Requirement>
Across the entries, count the lines that include "Hotel" and report only that number.

::: Data in this exercise

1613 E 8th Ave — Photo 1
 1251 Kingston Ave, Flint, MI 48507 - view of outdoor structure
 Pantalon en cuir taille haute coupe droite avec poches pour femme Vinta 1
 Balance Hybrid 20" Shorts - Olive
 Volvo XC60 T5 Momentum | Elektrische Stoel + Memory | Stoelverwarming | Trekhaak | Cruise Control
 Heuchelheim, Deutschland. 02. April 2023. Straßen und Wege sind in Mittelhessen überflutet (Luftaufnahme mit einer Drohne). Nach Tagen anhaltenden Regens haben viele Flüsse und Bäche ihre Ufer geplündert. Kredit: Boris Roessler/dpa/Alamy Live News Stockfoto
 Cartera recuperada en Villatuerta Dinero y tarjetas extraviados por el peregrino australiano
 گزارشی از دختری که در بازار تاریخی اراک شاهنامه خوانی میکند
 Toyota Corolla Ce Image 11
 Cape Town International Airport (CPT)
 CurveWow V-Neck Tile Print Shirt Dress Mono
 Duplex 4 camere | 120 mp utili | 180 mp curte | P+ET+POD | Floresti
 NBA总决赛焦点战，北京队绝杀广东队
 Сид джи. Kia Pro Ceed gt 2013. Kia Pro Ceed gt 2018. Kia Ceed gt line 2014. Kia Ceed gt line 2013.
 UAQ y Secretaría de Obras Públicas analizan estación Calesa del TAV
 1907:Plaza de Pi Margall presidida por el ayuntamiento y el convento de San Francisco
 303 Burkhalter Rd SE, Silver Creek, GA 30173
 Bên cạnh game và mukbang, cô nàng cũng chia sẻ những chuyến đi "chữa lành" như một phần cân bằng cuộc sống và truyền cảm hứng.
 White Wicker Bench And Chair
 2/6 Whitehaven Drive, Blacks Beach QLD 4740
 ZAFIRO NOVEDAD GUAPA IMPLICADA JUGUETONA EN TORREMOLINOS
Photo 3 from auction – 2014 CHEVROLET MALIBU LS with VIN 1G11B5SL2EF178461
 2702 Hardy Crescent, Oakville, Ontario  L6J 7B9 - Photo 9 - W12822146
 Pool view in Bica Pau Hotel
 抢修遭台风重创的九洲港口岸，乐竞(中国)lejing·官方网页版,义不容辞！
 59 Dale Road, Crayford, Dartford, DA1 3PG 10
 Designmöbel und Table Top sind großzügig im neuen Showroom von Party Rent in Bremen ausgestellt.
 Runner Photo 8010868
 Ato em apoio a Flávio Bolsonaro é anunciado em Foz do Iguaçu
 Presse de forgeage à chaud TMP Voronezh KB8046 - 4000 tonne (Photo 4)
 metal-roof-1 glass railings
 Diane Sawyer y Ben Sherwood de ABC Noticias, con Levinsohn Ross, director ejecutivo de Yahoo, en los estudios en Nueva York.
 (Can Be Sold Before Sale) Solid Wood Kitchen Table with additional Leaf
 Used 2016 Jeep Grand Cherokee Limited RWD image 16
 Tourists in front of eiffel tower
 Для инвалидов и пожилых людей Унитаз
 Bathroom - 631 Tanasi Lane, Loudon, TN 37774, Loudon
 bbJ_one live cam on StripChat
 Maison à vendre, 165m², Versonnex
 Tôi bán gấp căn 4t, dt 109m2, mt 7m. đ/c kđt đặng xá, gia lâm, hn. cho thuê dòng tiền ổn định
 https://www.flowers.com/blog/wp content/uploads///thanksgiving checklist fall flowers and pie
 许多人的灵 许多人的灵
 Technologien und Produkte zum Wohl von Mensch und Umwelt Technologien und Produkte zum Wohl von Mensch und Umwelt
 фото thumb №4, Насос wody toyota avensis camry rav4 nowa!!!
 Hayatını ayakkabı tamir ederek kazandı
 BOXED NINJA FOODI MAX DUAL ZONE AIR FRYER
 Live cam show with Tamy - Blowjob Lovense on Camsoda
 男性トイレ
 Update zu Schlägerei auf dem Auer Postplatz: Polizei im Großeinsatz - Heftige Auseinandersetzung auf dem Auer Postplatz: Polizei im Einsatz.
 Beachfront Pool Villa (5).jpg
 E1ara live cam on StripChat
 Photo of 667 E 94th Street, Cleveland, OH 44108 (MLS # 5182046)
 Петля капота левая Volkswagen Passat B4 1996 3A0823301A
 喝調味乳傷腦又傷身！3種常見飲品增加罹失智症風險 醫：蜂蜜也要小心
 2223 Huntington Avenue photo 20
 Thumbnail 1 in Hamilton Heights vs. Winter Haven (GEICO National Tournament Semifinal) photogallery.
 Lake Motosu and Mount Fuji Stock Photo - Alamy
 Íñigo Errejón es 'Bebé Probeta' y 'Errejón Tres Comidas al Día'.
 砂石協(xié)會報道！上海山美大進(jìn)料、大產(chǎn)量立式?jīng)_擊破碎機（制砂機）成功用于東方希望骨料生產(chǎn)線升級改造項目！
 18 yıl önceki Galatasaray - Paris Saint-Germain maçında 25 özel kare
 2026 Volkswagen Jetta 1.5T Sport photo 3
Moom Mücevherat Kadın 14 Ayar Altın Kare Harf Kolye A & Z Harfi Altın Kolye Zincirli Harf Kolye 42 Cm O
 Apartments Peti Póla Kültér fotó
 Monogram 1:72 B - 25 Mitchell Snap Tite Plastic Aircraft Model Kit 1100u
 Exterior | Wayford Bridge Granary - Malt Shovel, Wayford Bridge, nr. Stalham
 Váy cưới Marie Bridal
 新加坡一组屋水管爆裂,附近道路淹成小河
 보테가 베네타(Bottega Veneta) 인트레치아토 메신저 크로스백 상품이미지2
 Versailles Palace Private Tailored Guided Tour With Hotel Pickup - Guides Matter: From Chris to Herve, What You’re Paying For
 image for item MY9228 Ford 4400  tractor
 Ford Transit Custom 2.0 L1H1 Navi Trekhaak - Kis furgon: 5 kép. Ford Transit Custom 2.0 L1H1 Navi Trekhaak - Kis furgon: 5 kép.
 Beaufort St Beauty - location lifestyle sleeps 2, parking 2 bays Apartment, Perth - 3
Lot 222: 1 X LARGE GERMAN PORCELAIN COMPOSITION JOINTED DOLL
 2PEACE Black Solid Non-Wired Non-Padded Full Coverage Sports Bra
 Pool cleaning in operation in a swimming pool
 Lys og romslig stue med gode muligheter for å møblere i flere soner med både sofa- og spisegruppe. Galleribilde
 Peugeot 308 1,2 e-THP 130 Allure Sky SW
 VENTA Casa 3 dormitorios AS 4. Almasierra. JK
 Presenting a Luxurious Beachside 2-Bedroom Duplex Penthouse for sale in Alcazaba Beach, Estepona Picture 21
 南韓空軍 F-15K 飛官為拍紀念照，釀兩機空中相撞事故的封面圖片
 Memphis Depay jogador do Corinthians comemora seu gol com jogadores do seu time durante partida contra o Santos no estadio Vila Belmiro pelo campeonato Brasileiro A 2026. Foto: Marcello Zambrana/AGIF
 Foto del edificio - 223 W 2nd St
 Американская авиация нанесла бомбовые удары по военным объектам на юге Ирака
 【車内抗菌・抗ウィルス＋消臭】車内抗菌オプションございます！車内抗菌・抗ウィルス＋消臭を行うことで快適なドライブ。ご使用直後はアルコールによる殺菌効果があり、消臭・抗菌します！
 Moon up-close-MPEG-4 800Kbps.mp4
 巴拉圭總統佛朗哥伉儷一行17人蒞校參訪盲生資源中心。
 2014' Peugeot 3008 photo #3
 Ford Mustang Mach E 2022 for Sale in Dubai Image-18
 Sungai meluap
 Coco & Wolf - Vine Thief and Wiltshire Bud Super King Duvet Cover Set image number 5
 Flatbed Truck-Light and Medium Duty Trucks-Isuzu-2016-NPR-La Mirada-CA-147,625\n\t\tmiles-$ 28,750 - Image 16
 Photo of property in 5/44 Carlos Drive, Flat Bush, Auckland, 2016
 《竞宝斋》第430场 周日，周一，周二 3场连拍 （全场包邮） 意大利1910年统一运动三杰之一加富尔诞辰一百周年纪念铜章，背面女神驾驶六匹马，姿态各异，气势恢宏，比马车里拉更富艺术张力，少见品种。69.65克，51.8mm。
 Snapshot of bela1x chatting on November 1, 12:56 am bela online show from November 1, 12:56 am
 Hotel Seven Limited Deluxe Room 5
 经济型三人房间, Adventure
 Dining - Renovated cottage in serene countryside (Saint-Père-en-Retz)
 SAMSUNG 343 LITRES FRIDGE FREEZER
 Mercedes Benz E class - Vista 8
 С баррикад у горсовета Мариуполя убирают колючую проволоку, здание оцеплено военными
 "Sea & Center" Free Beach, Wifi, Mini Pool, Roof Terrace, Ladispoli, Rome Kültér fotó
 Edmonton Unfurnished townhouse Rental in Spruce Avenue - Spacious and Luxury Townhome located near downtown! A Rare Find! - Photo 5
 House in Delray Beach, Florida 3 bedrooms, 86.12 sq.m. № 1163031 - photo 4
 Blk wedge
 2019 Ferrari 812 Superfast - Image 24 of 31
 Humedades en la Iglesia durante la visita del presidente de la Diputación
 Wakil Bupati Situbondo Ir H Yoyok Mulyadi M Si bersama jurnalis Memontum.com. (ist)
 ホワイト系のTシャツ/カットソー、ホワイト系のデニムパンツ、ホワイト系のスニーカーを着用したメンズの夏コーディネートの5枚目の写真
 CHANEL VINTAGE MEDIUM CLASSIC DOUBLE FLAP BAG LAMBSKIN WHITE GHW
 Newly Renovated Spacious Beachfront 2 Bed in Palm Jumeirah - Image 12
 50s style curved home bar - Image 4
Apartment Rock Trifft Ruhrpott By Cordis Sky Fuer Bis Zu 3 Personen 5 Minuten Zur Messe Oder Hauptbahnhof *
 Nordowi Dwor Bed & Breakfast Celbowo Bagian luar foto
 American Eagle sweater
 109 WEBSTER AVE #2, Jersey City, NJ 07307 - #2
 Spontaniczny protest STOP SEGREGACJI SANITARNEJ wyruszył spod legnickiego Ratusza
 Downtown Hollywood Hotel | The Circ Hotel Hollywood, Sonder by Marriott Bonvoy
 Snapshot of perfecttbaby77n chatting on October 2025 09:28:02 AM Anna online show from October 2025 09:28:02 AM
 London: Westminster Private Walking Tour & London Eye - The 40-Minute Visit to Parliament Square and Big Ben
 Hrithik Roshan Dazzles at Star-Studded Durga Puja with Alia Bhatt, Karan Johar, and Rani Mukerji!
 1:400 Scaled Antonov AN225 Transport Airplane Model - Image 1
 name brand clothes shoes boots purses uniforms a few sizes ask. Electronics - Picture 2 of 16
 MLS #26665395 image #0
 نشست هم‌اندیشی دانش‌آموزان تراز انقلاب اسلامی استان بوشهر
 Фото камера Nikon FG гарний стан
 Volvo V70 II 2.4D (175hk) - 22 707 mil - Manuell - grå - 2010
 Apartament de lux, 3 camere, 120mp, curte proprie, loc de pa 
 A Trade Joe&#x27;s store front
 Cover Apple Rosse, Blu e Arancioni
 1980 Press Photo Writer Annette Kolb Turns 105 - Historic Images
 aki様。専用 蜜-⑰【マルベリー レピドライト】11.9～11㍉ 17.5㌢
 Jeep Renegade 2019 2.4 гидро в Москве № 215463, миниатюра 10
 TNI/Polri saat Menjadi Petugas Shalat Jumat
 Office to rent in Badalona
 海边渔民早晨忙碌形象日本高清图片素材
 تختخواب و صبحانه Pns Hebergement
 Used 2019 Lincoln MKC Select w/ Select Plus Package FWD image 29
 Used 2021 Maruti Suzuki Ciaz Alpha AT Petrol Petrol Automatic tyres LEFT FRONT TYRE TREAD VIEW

::::::

Result of this task>
4